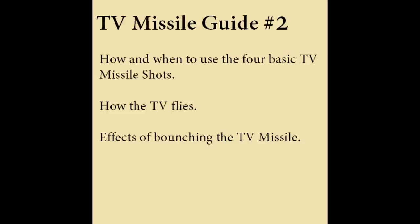Hey guys, what's up? LeaderHavoc here. This is the second part of my TV missile gun. Three things today that this video is going to go over: when to use the four basic TV missile shots, which I showed in my last video of TV missile gun number one; how the TV exactly flies and the effects of bouncing the TV. We're going to go ahead and go into the first video and let you guys take a look at that.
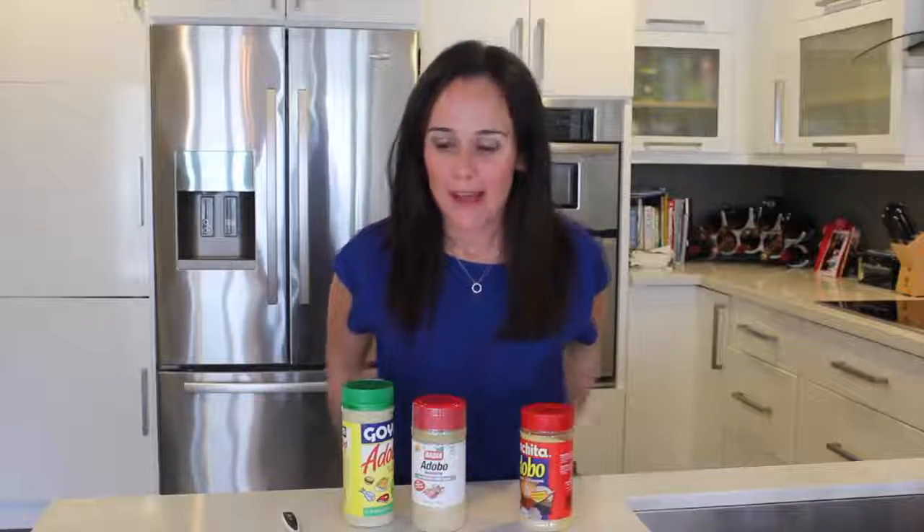I hope that you enjoyed this product review and that you learned something new in regards to seasonings. Please feel free to share with your friends and family.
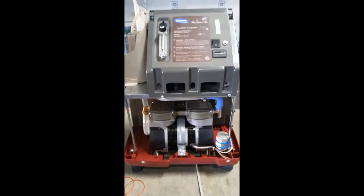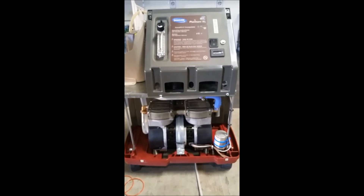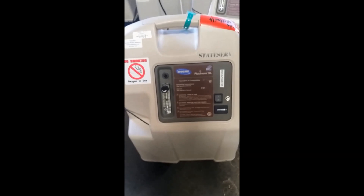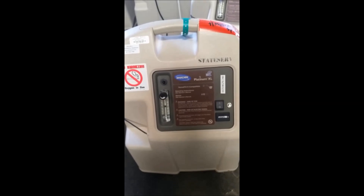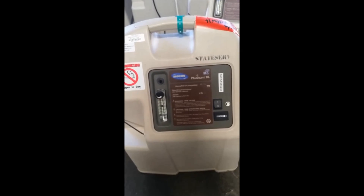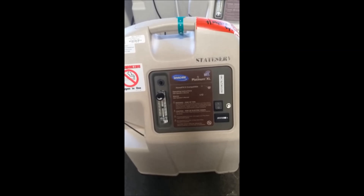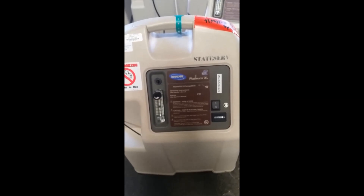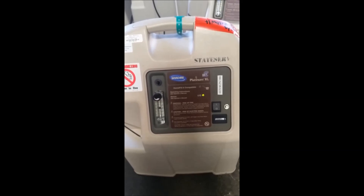We're going to replace the shell and then test the concentrator to make sure that it sounds appropriate. We're listening for the sounds of the switching to make sure that our four-way valve is working appropriately. We're not hearing the loud rattling noises we heard before. This concentrator is now ready to be returned to service.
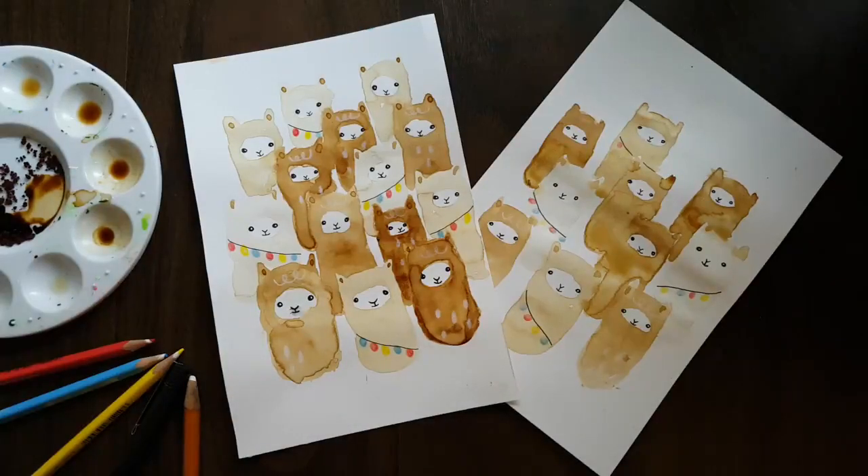I hope you enjoy experimenting with using instant coffee as paint as well as making these cute little llamas. Have a wonderful day!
——
» **Assignment**: Only the lines from the one containing "I hope that" through the final line of the material should appear in the answer, copied exactly and without any picture.

» **Final answer**:
I hope that you enjoyed this product review and that you learned something new in regards to seasonings. Please feel free to share with your friends and family.
We're going to replace the shell and then test the concentrator to make sure that it sounds appropriate. We're listening for the sounds of the switching to make sure that our four-way valve is working appropriately. We're not hearing the loud rattling noises we heard before. This concentrator is now ready to be returned to service.
I hope you enjoy experimenting with using instant coffee as paint as well as making these cute little llamas. Have a wonderful day!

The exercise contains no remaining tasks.